— MATERIAL TO PROCESS —
---+---

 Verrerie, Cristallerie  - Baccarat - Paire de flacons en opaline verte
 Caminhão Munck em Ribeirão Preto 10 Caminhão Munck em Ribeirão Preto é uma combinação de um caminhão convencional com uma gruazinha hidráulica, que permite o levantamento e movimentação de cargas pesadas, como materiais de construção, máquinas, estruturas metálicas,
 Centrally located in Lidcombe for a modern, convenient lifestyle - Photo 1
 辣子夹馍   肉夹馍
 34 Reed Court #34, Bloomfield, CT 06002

---+---

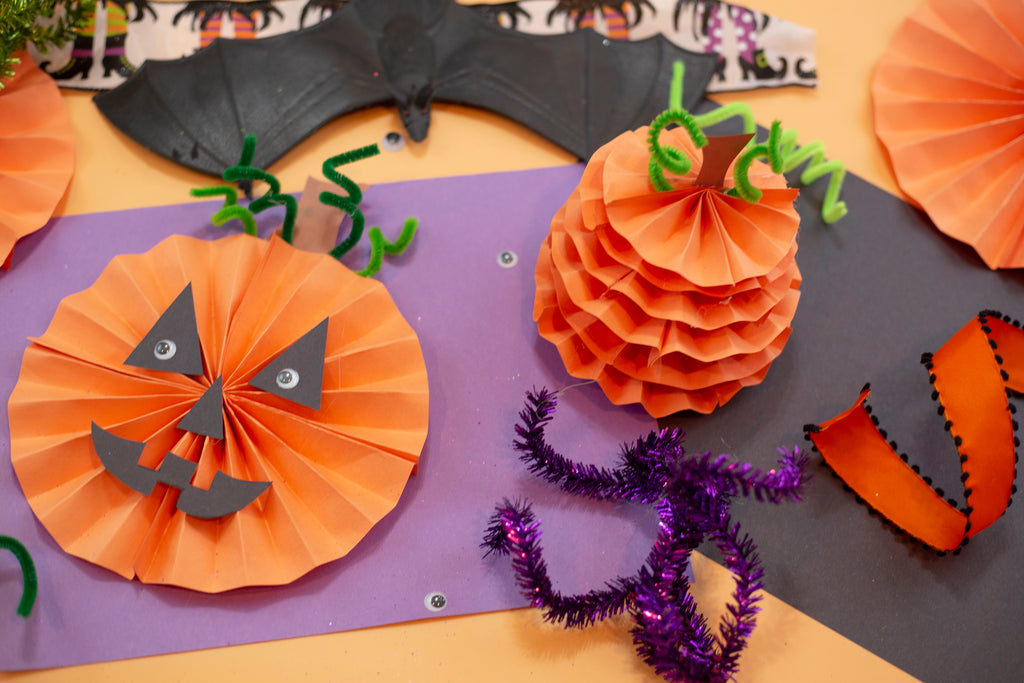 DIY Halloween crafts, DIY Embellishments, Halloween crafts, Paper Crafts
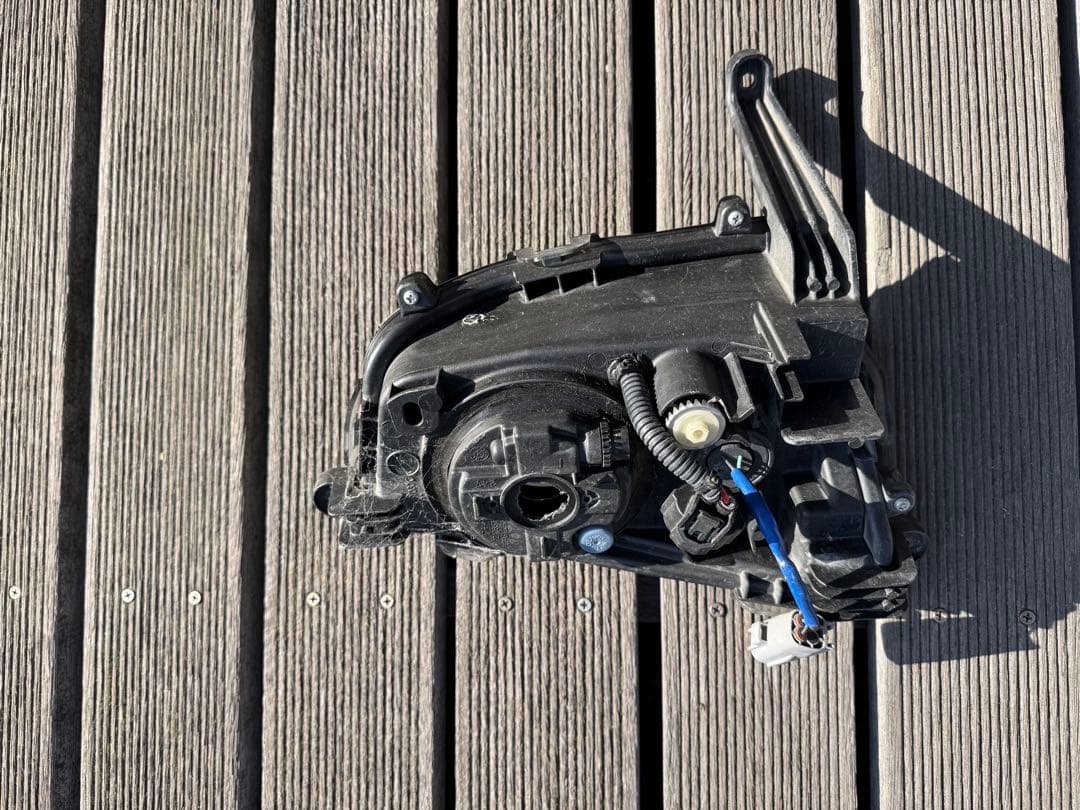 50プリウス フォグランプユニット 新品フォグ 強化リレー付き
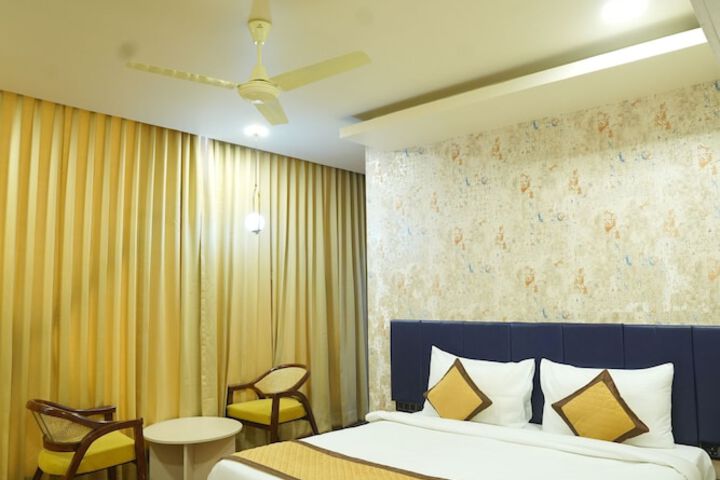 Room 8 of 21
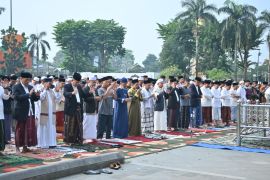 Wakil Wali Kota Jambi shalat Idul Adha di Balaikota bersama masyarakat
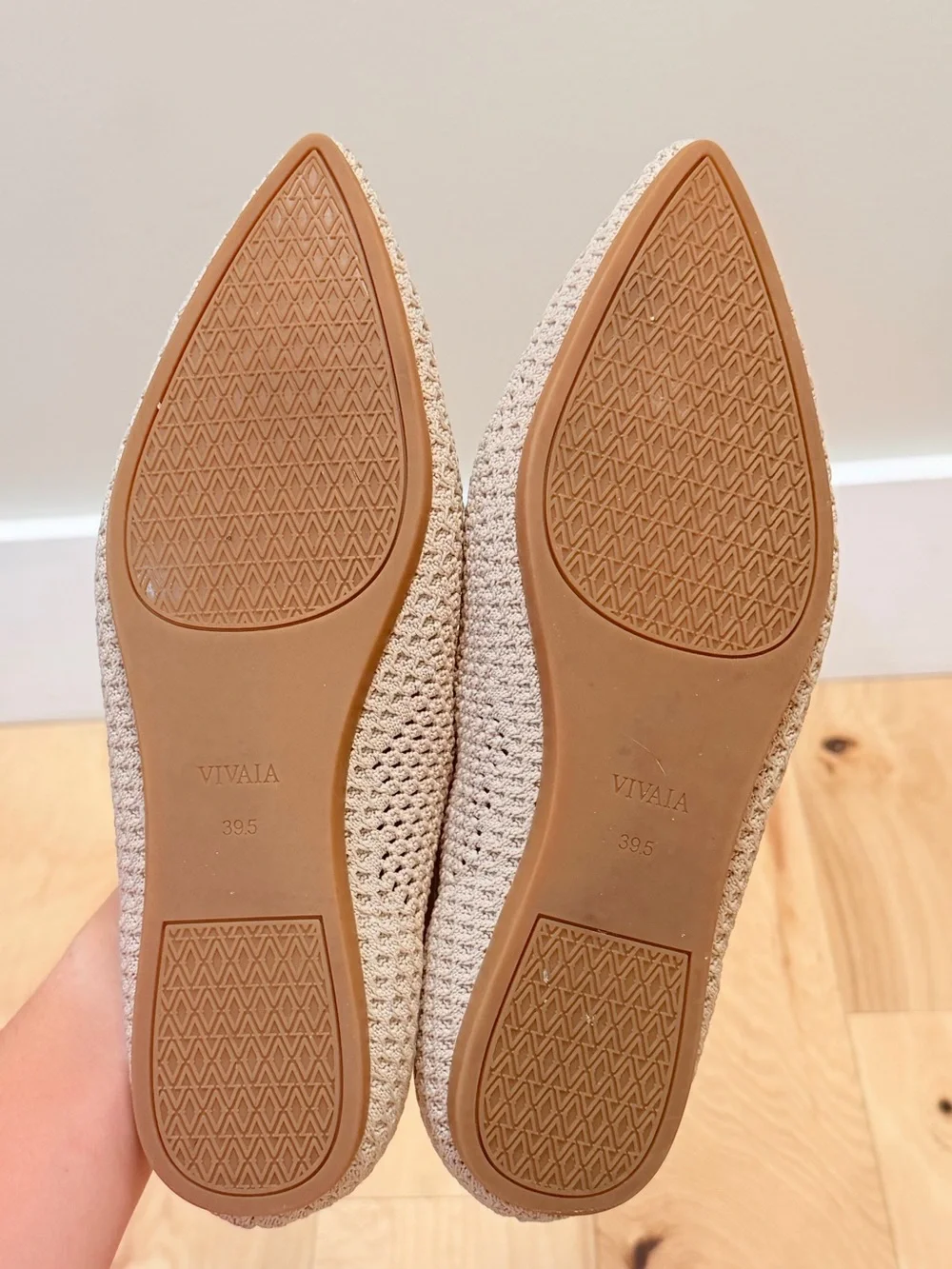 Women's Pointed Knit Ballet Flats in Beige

---+---

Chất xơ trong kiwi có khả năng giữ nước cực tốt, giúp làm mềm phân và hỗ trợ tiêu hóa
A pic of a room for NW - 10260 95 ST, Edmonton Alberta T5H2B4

---+---

— AIM OF THE TASK —
When the line with "Chất xơ trong" is reached in the data above, begin copying, and stop after the line with "A pic of a room"; copy each line exactly, both ends included.

— RESPONSE —
Chất xơ trong kiwi có khả năng giữ nước cực tốt, giúp làm mềm phân và hỗ trợ tiêu hóa
A pic of a room for NW - 10260 95 ST, Edmonton Alberta T5H2B4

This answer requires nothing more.